Lo scrittore francese Pierre Lemaitre ha sempre avuto un'idea molto precisa di come la letteratura noir abbia un linguaggio insostituibile per narrare le tensioni sociali che attraversano la nostra società. Lemaitre ha fatto suoi i registri del poliziesco sia in opere come L'abito da sposo (2009) e Lavoro a mano armata (2010) dedicate alla crisi di identità del mondo della famiglia e di quello del lavoro ma anche ha virato di nero un romanzo dedicato ai reduci di guerra come Ci rivediamo lassù (2013) che gli è valso il Premio Goncourt. Esemplari nella letteratura concepita da Lemaitre sono stati i cupi noir con al centro l'ispettore di polizia Camille Verhoeven che portano i titoli di Travail soigné , Alex , Sacrifices , Rosy&John . Travail soigné del 2006 è stato tradotto sia nella versione americana sia in quella italiana, appena pubblicata, come Irène (Mondadori), utilizzando il nome della moglie di Verhoeven che ne condivide tutte le vicissitudini. In questa sua prima avventura l'inquieto poliziotto è alle prese con un serial killer che decapita e fa pezzi le donne, traendo ispirazione da thriller famosi.
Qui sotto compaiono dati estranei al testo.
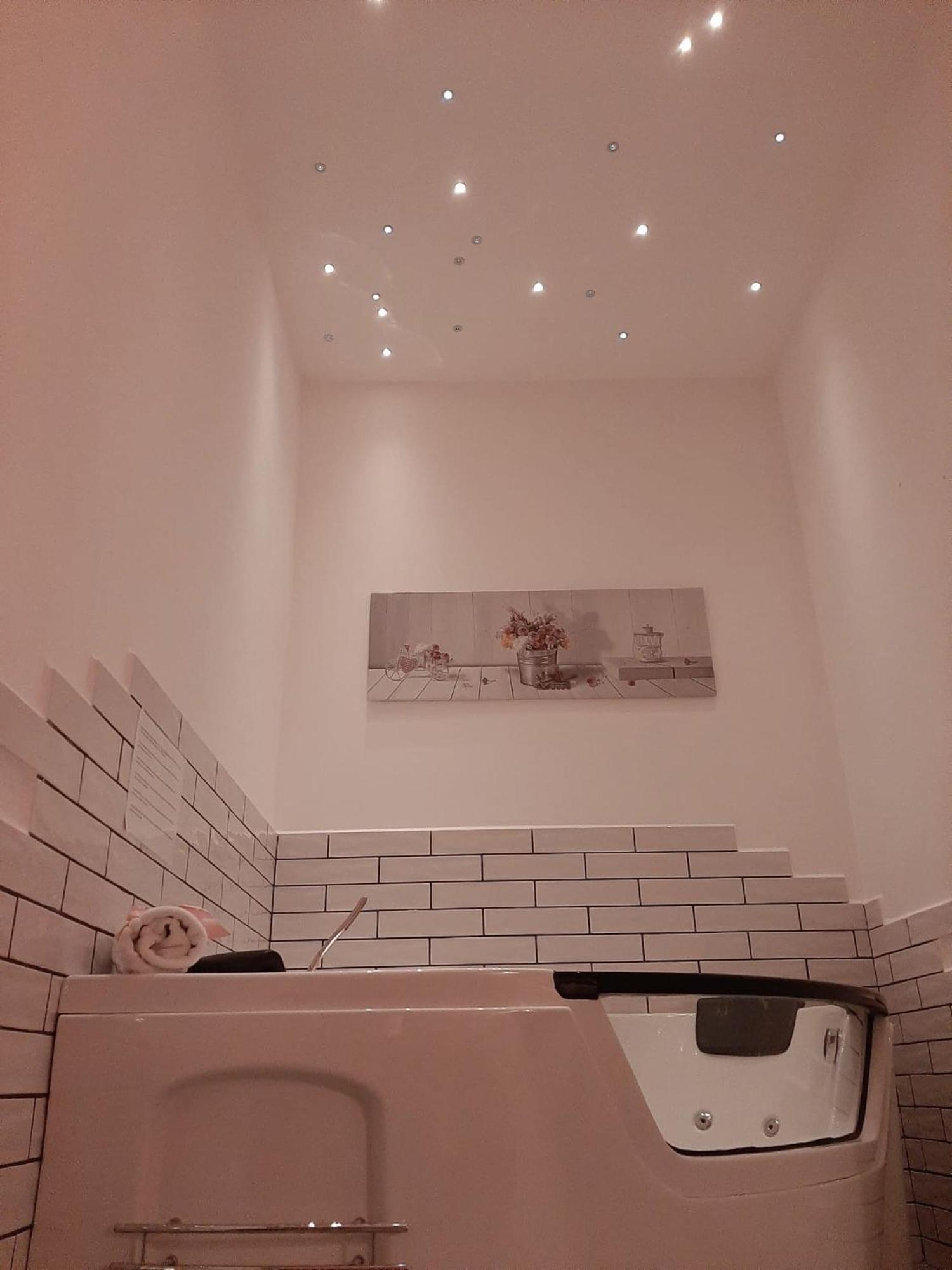 Double Room Spa Bath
Verhoeven scoprirà poco alla volta che c'è un vero e proprio piano editoriale dietro le gesta dell'assassino, un piano destinato a costruire le tessere di un grande romanzo di suspense di cui il poliziotto diventa l'inconsapevole protagonista. Per costruire una storia del genere Pierre Lemaitre si è ispirato a più di un maestro.

Lemaitre ammette di avere attinto emozioni e cliché da romanzi fra loro diversi che gli permettessero di costruire il suo modo emozionale. Storie che costituiscono veri e propri indizi sia per il suo eroe che per i lettori. Si va da Il dramma di Orcival (1896) di Émile Gaborieau a Dalia nera (1987) di James Ellroy, da American Psycho di Brett Easton Ellis a Laidlaw. Indagine a Glasgow di William McIlvanney, a Branco di lupi di John D. MacDonald (1960). E se Lemaitre ammette di avere esitato a rileggere Georges Simenon non nasconde di avere fatto sue le speciali lezioni di tenebra della coppia svedese composta Maj Sjöwal e Per Walhöö che con Roseanna (1965) diedero vita al ciclo dell'ispettore Martin Beck. In bilico fra letteratura e realtà il commissario Verhoeven e Pierre Lemaitre si domandano: «esiste un limite di morti che possano definirsi accettabile? La narrativa poliziesca ha forse la capacità di esorcizzare la barbarie della nostra società fino a renderla sopportabile?».

La risposta è nelle mani dei lettori.